▶ **YOUR GOAL**
Below are records to return verbatim; the pictures are to be dropped.

▶ **SOURCE INFORMATION**
· · · ·

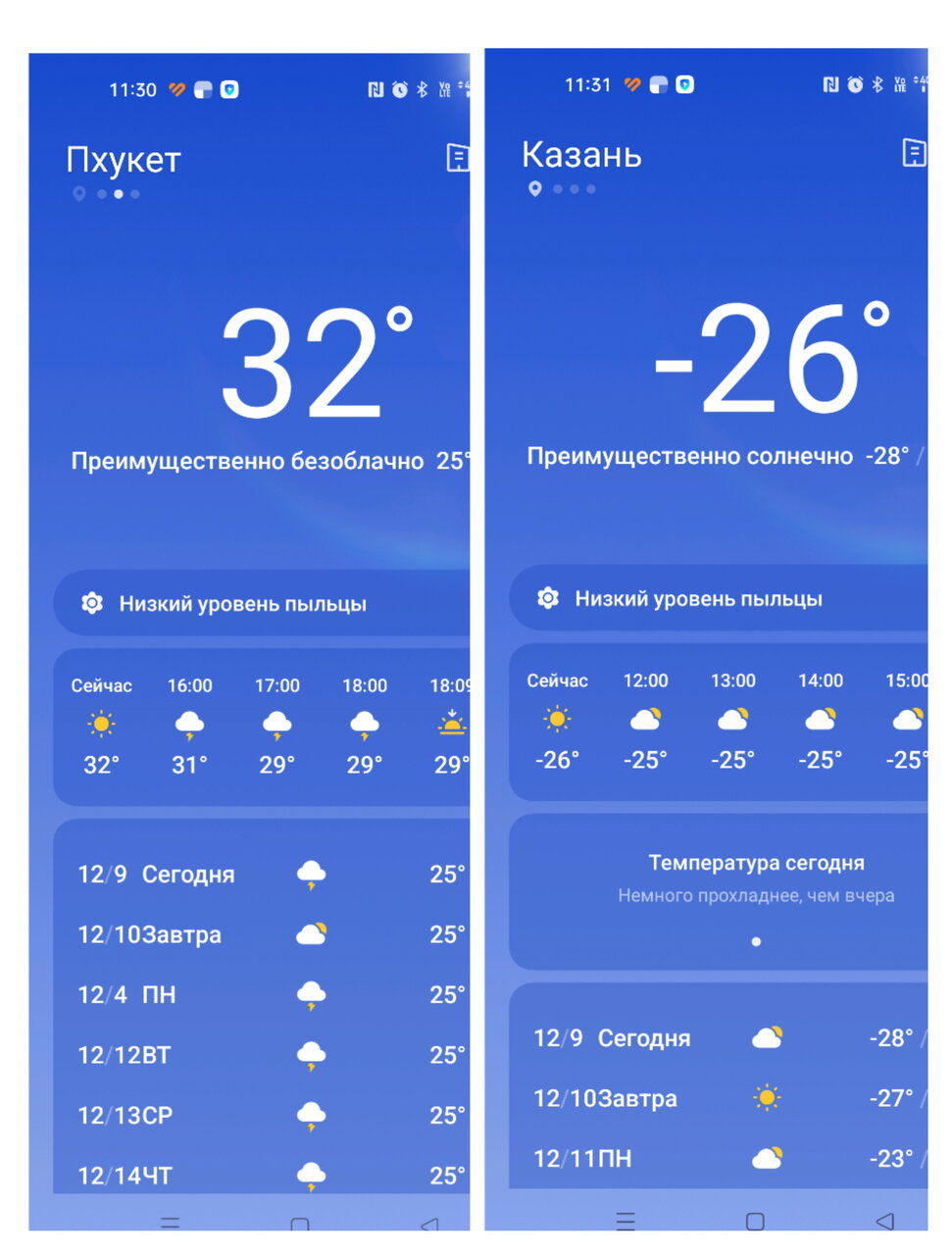 Казань vs Тай))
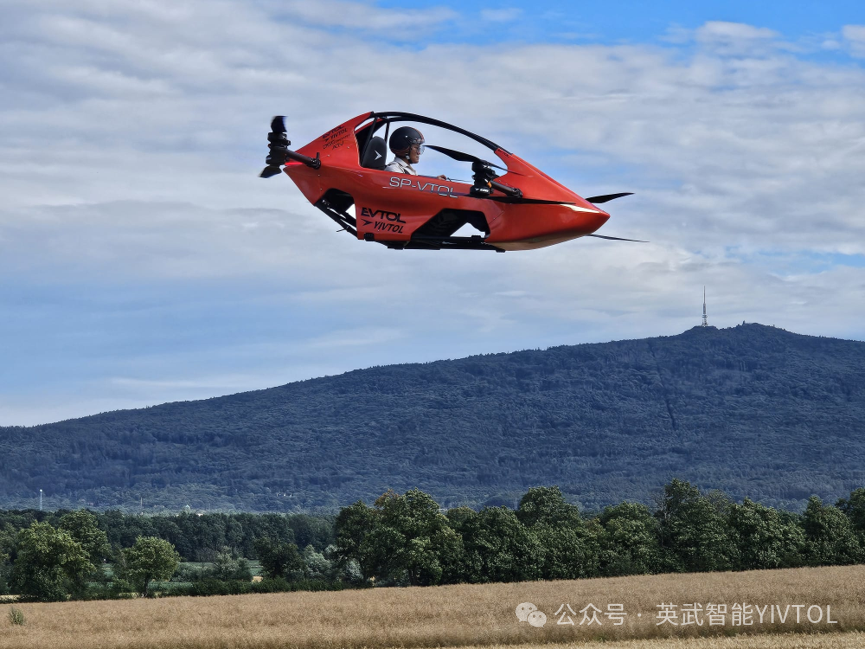 英武智能欧洲首站落子波兰:获欧洲首证、体验中心启用、载人首飞成功、签署40台订单(图3) 英武智能欧洲首站落子波兰:获欧洲首证、体验中心启用、载人首飞成功、签署40台订单(图3)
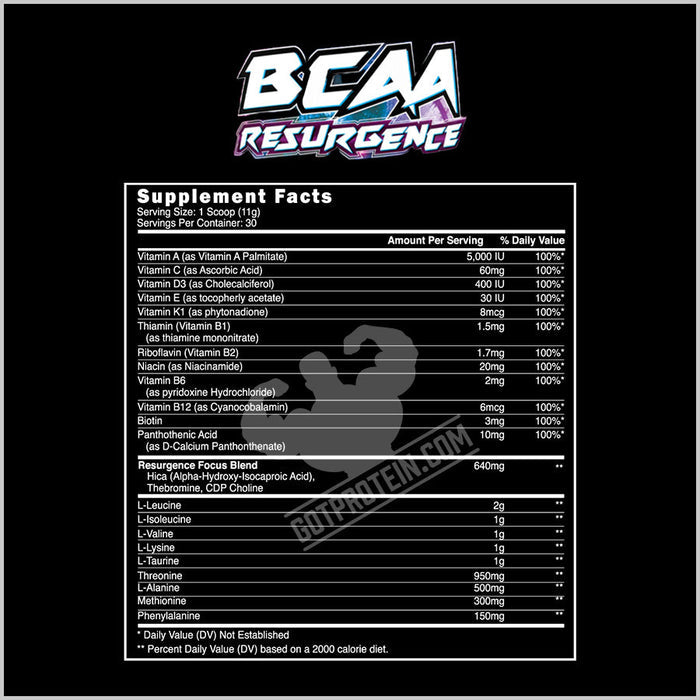 Blackstone Labs BCAA Resurgence 30 Servings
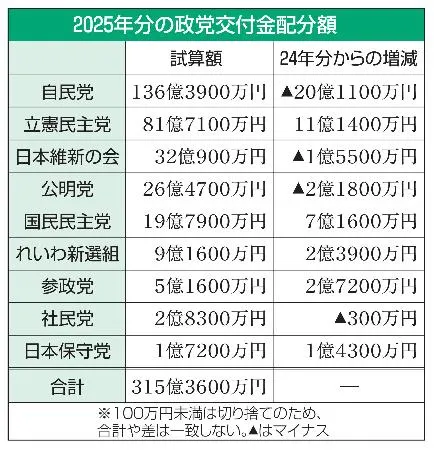 交付金、最多の自民が20億円減 25年、9政党への配分額試算：北海道新聞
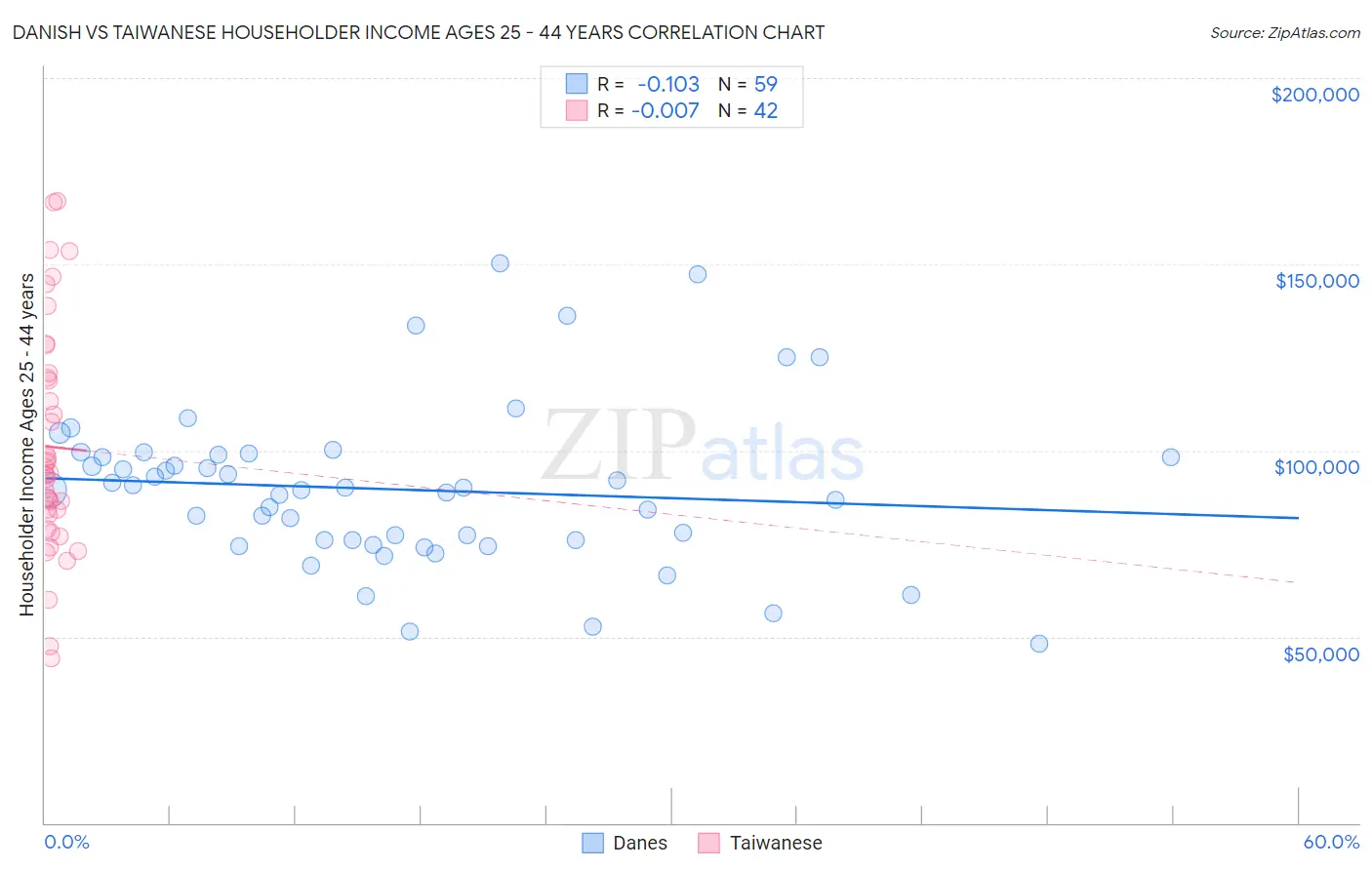 Danish vs Taiwanese Householder Income Ages 25 - 44 years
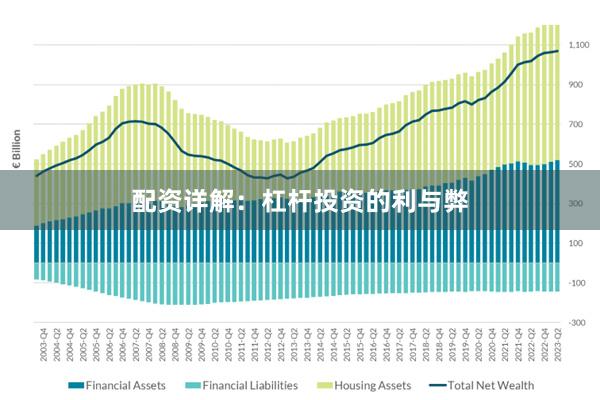 配资详解：杠杆投资的利与弊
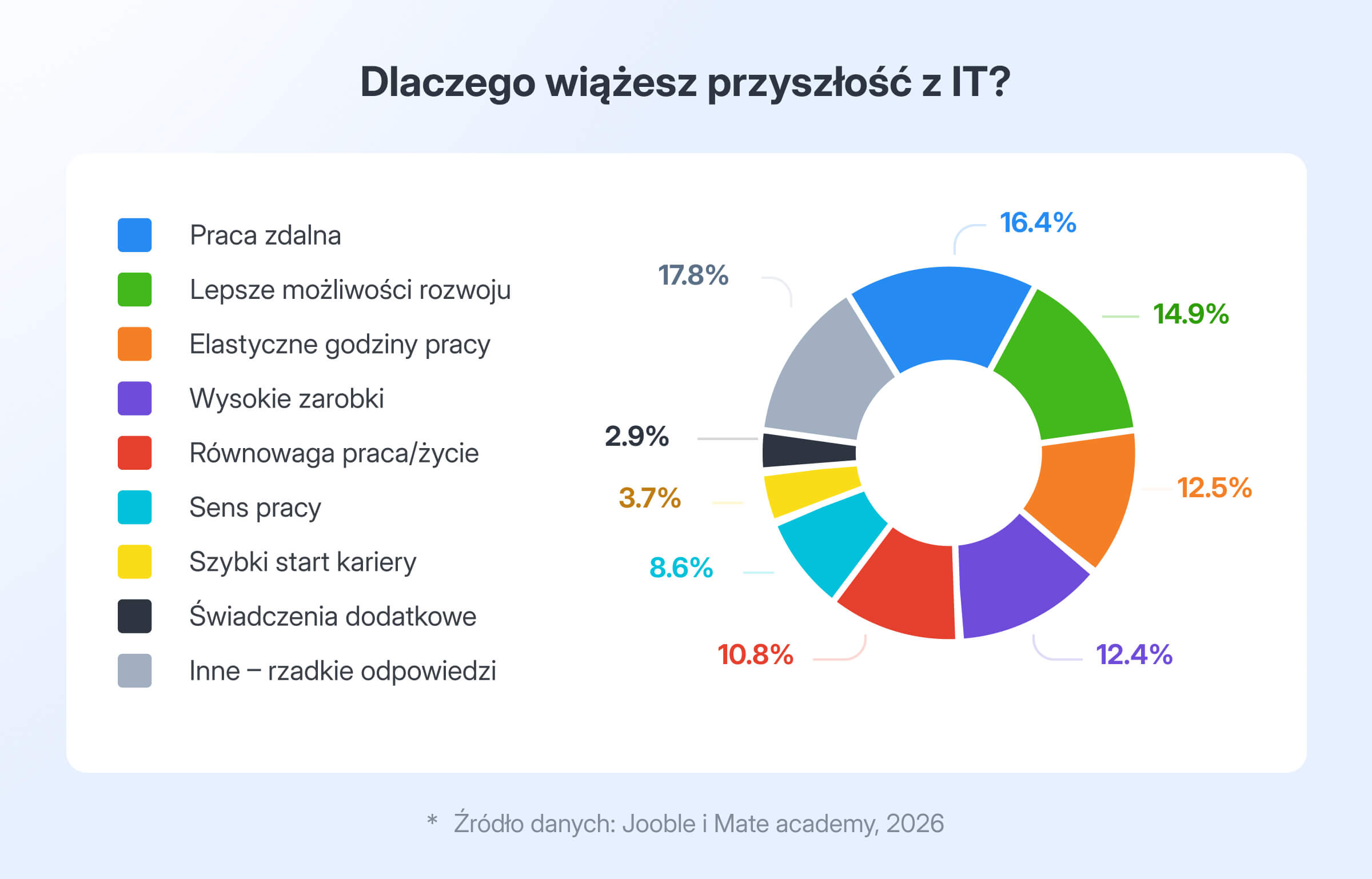 Jooble/Mate academy (2)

· · · ·

▶ **TASK OUTPUT**
 Казань vs Тай))
 英武智能欧洲首站落子波兰:获欧洲首证、体验中心启用、载人首飞成功、签署40台订单(图3) 英武智能欧洲首站落子波兰:获欧洲首证、体验中心启用、载人首飞成功、签署40台订单(图3)
 Blackstone Labs BCAA Resurgence 30 Servings
 交付金、最多の自民が20億円減 25年、9政党への配分額試算：北海道新聞
 Danish vs Taiwanese Householder Income Ages 25 - 44 years
 配资详解：杠杆投资的利与弊
 Jooble/Mate academy (2)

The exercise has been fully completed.